M/z 1592.67, 1593.674, 1594.677 are potentially Glufib +23 sodium adducts and +1 and +2 isotopes.
M/z 1608.658 is an identical spatial analog, similar enough to include in ROI segmentation.
image(m, i = background_feature_ids,
scale = T,
key = F)
To begin we will select only the single cartilage marker as its own MSE.
cartilage_features <- m[cartilage_feature_ids,]
Spatial-Dirichlet Gaussian mixture models (sDGMM) (Guo et al. 2019) is an open-source, unsupervised clustering algorithm that groups pixels in single ion images into \(k\) prespecified clusters using pixel intensity and spatial dependence of neighboring pixels. sDGMM is technically unsupervised but acts only on single features, facilitating a higher degree of control and replicability. We will use adaptive weights to better define segment edges.
Choosing the number of clusters is one way to affect a finer level of control over what sDGMM segments. In our testing we found 5 clusters, ordered by mean intensity with the first three assigned as cartilage, to yield the most consistent results across samples.
set.seed(12345)
sdgmm <- spatialDGMM(cartilage_features,
k = 5,
r = 5,
weights = "adaptive",
verbose = F)
cartilage_vector <- recode_values(as.character(sdgmm$class[[1]]),
"5" ~ "other",
"4" ~ "other",
"3" ~ "other",
"2" ~ "cartilage",
"1" ~ "cartilage")
pData(cartilage_features)$class <- cartilage_vector
Visualizing the 5 clusters, we can see that in this case segmenting more clusters gave finer control over cartilage boundaries.
image(sdgmm)
After collapsing the 5 segments into only two.
image(cartilage_features, "class")
Background/ECM and bone tissues are mutually exclusive from cartilage, so we will perform segmentation only on sample areas classified in the steps above as not cartilage. This offers another advantage: our markers to differentiate bone and background/ECM do not have to also differentiate cartilage.
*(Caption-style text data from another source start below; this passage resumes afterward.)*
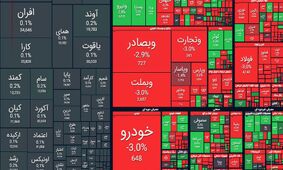 روز خونین بورس /  آغاز هفته سرخ تالار شیشه‌ای + نمادها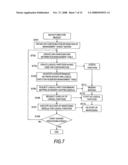 FAIL-OVER METHOD, COMPUTER SYSTEM, MANAGEMENT SERVER, AND BACKUP SERVER SETTING METHOD diagram and image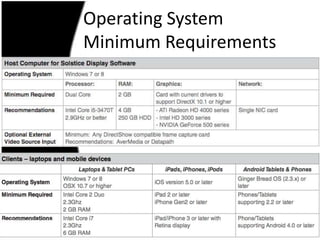 Operating System
Minimum Requirements

 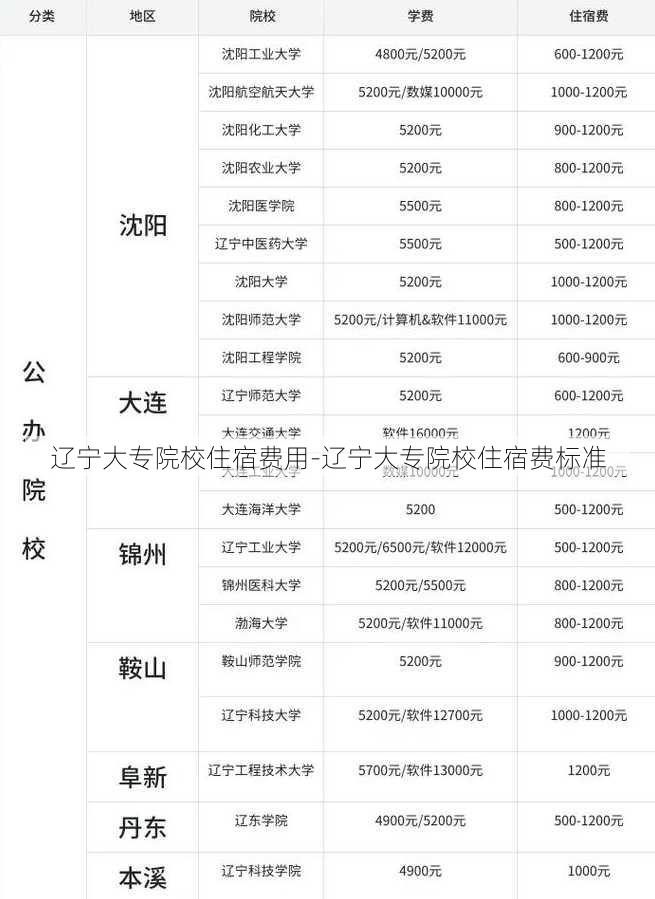 辽宁大专院校住宿费用-辽宁大专院校住宿费标准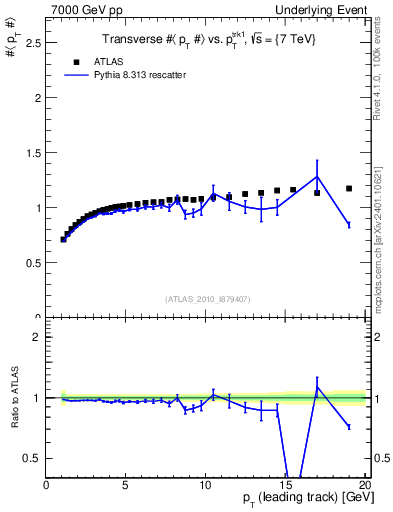 Plot of avgpt-vs-pt-trns in 7000 GeV pp collisions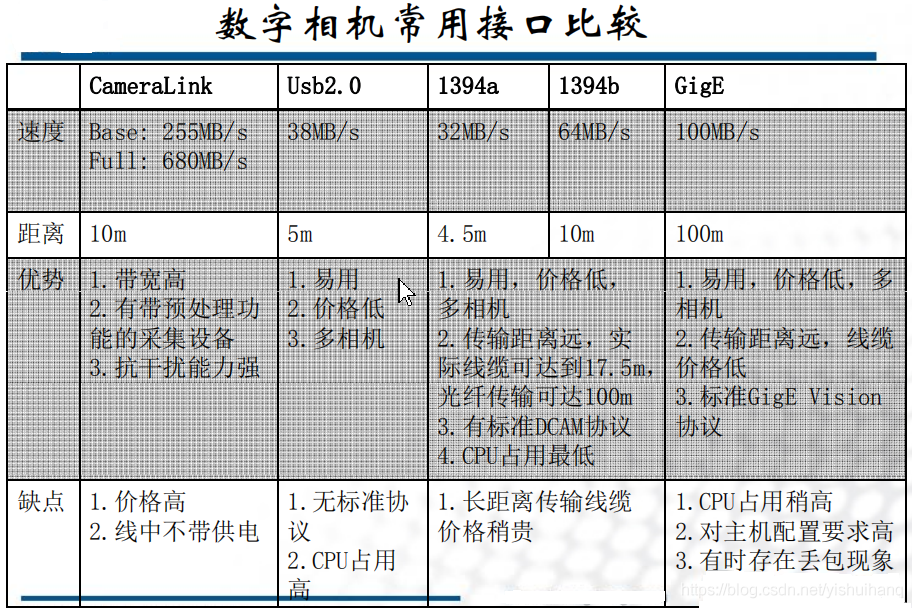 8fd6e92c-660b-11ed-8abf-dac502259ad0.png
First we will select only the background/ECM features and pixels not classified as cartilage.
background_and_bone_features <- Cardinal::subset(m,
mz %in% mz(m)[background_feature_ids],
cartilage_vector=="other")
Unlike cartilage, we have selected six features for background/ECM
segmentation. Instead of segmenting each individually, we will first
combine them into a single feature by using the pixel-wise mean.
condense_groups (supplied from Utilities.R)
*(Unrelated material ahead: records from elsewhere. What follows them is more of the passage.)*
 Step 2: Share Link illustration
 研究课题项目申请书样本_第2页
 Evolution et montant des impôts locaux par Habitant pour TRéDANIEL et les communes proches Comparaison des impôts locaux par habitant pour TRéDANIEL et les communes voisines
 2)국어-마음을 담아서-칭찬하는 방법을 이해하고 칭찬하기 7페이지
uses the group_ids assigned by grouping_df to
combine features into groups. The agg_fun="mean" specifies
we want to combine groups via the pixel-wise mean.
grouping_df <- tibble(feature_id = 1:length(mz(background_and_bone_features)),
group_id = rep(1, length(mz(background_and_bone_features))),
mz = mz(background_and_bone_features))
background_and_bone_features_condensed <- condense_groups(background_and_bone_features,
grouping_df,
verbose = FALSE,
agg_fun="mean",
na.rm=T)
Aggregating these features into a single feature by the pixel-wise mean concentrates signal and smooths out noise. Feature aggregation for ROI selection also presents some interesting possibilities - such as segmenting the pixel-wise ratio of two features.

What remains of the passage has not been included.